The response should contain all of the data below, reproduced exactly, and no pictures.

(Scraped caption text data)
◆ ◆ ◆ ◆ ◆ ◆ ◆
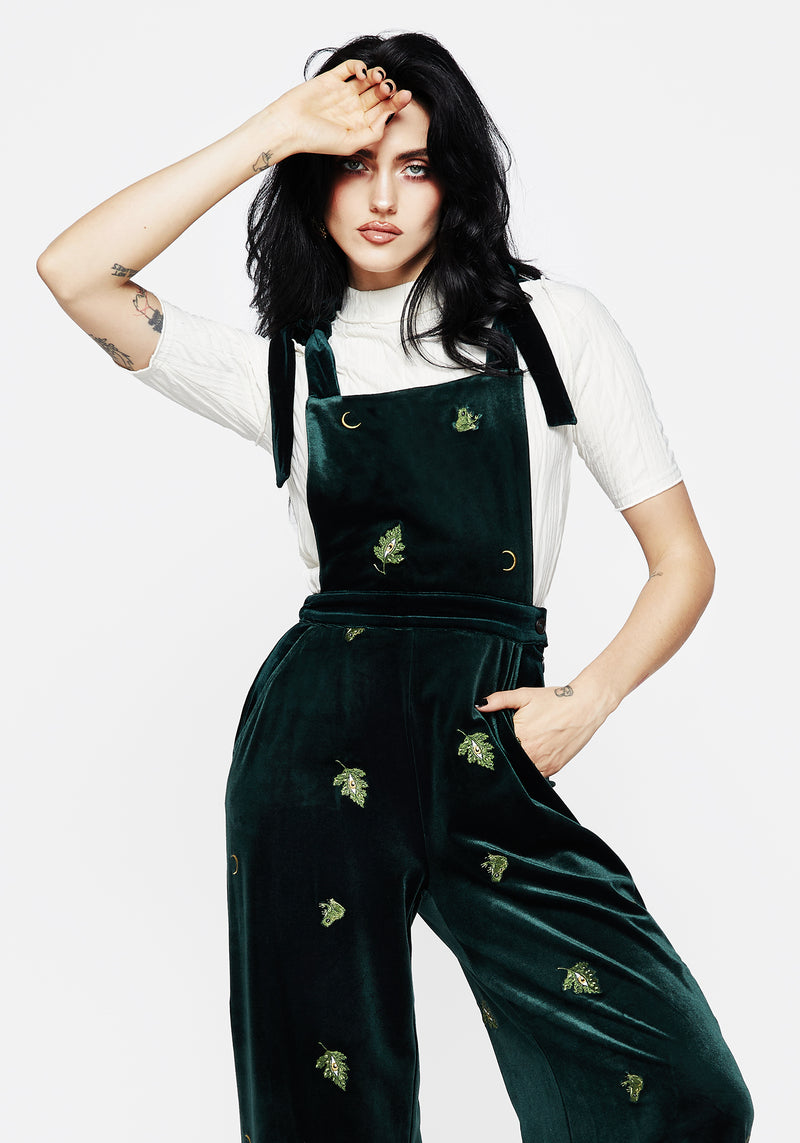 Swamplife Frog Embroidered Velour Wide Leg Dungarees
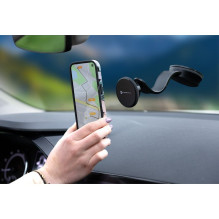 Magnetic car phone holder compatible with Magsafe Forcell F-Grip MagFlex windshield / dashboard black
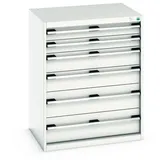 bott cubio Schubladenschrank, Schubladen 2x100 + 2x150 + 2x200 mm, TK je 200 kg, Breite 800 mm, lichtgrau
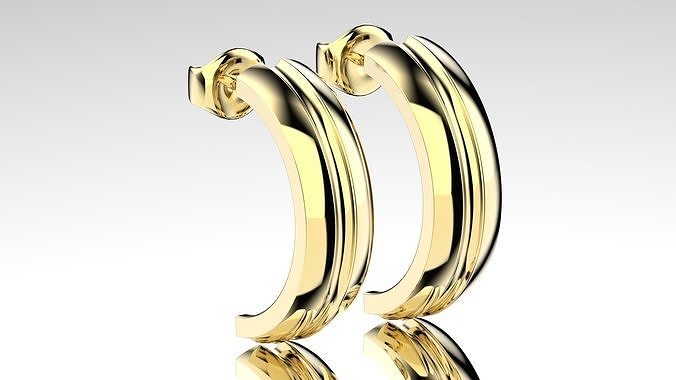 Simple semi-hoops earrings   3D print model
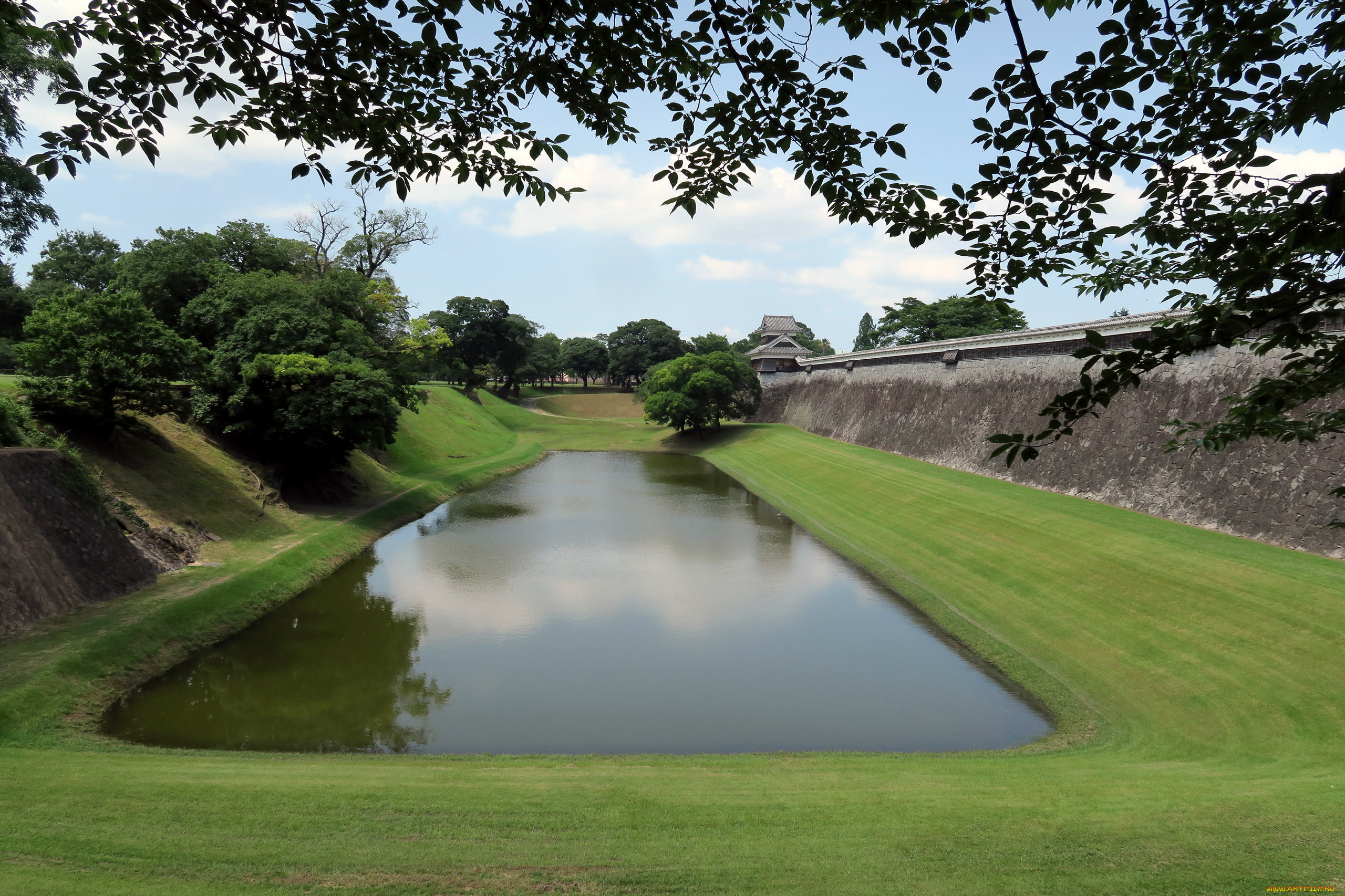 природа, парк, водоем, сад, японский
◆ ◆ ◆ ◆ ◆ ◆ ◆
RESPONSE AREA:
 Swamplife Frog Embroidered Velour Wide Leg Dungarees
 Magnetic car phone holder compatible with Magsafe Forcell F-Grip MagFlex windshield / dashboard black
 bott cubio Schubladenschrank, Schubladen 2x100 + 2x150 + 2x200 mm, TK je 200 kg, Breite 800 mm, lichtgrau
 Simple semi-hoops earrings   3D print model
 природа, парк, водоем, сад, японский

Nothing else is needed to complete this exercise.